2. OHC (Overhead Camshaft) engine:
   • The OHC engine design uses a camshaft that is located above the engine cylinder head, which means this camshaft is in the cylinder head itself or in a position which is higher in the engine block.
   • The valves in an OHC engine are regulated directly by the camshaft located above, without intermediaries such as tappets or pushrods.
   • OHC engines often have the ability to reach higher engine capacity compared to OHV engines because there are no intermediaries that inhibit valve movement.
   • OHC engines tend to be more complex and expensive to manufacture compared to OHV engines.
   • OHC engines can provide efficiency better performance and better performance at high revs, which is often sought in sports and high performance engines.
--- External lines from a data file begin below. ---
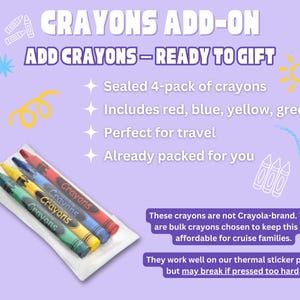 May include: A sealed 4-pack of crayons in red, blue, yellow, and green on a light purple background with white text reading CRAYONS ADD-ON, ADD CRAYONS - READY TO GIFT, and additional notes about the product being bulk and not Crayola-brand.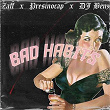 Bad Habits | Zaff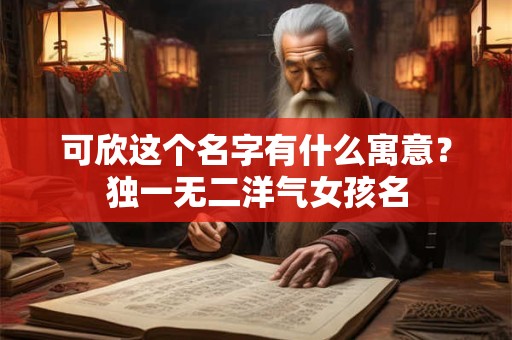 可欣这个名字有什么寓意？独一无二洋气女孩名
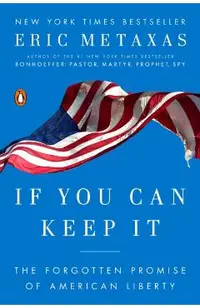 If You Can Keep It: The Forgotten Promise of American Liberty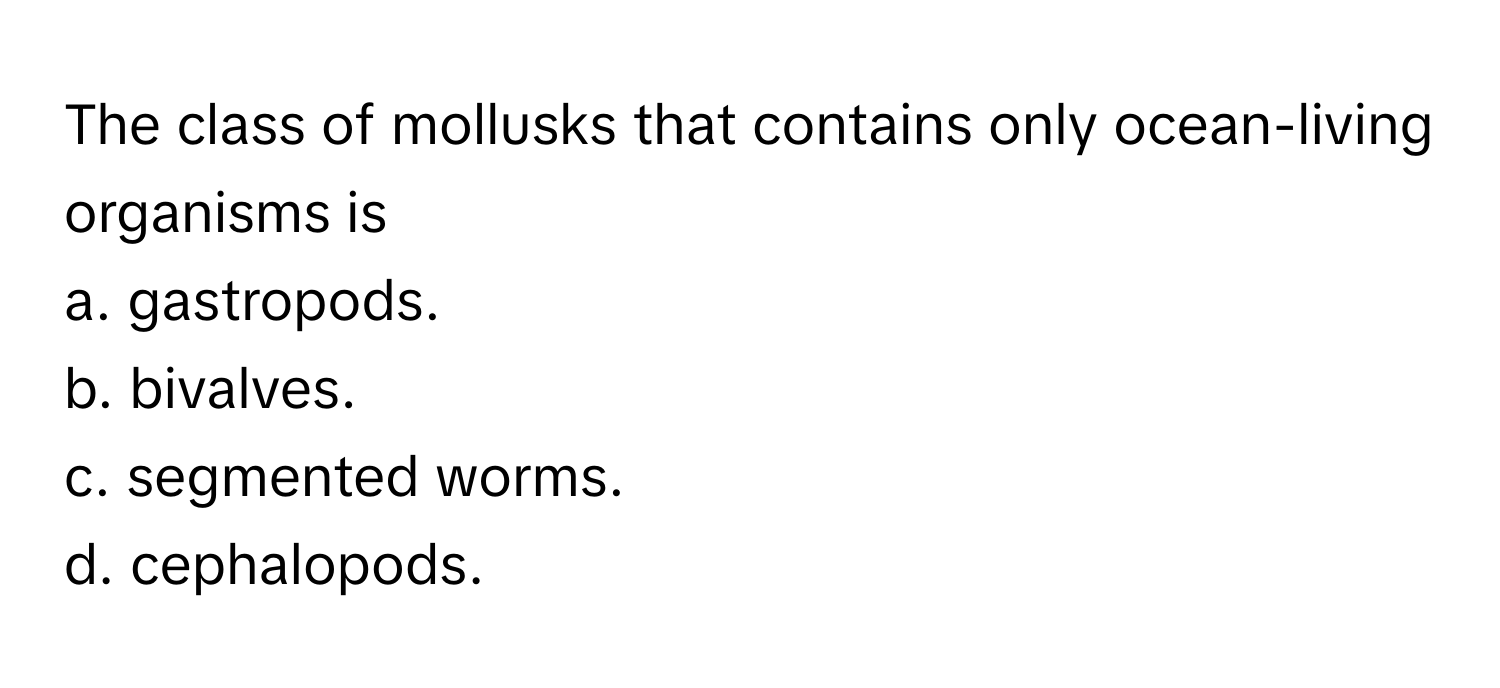 The class of mollusks that contains only ocean-living organisms is 
a. gastropods.
b. bivalves.
c. segmented worms.
d. cephalopods.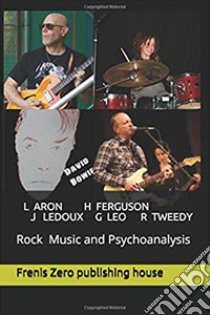 Rock music and psychoanalysis libro di Aron Lewis; Ledoux Joseph; Leo Giuseppe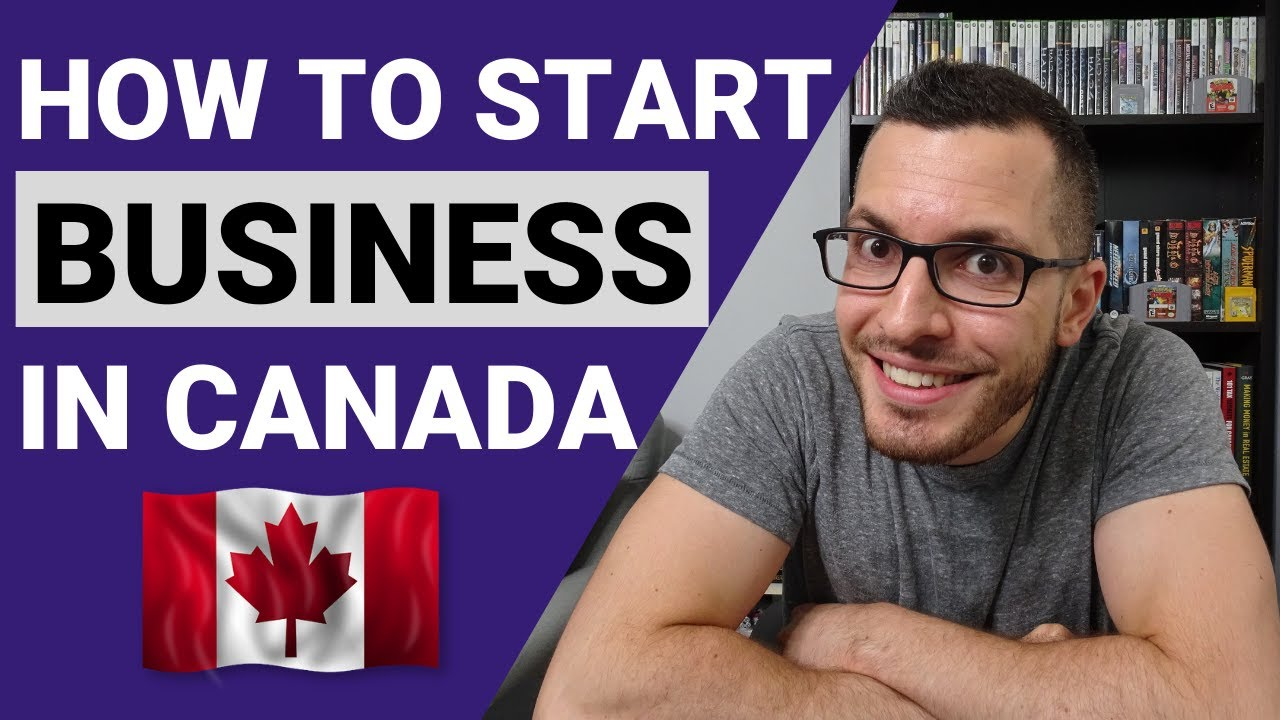 Start a Business in Canada Everything You Need to Know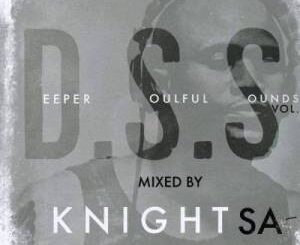 KnightSA89 – Deeper Soulful Sounds Vol.84 Mix Ft. DJ Couza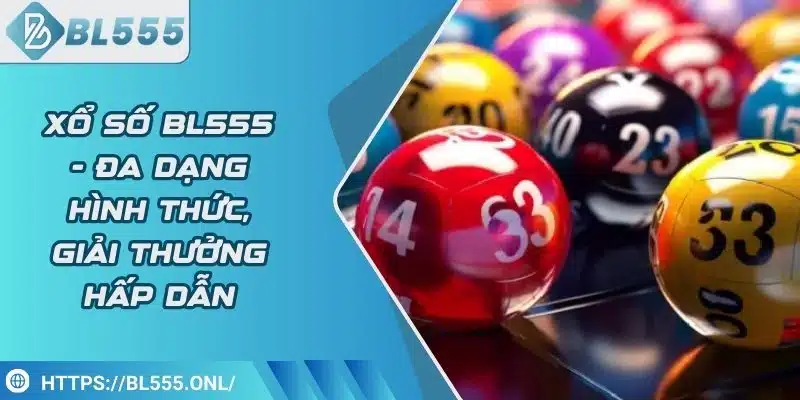 Xổ số BL555 1 Xổ số BL555 - Sảnh Xổ Số Uy Tín, Cơ Hội Thắng Lớn 2025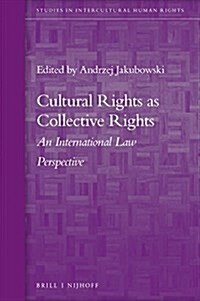 Cultural Rights as Collective Rights: An International Law Perspective (Hardcover)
The choice between an OHV engine and an OHC engine depends on the needs and the intended use of the vehicle. OHV engines may be more suitable for applications that require good torque at low engine speeds, while OHC engines are often used in vehicles that seek high performance at high engine speeds. To understand more about the differences between OHV and OHC engines. So you can read a more detailed explanation regarding the differences between OHV and OHC engines below.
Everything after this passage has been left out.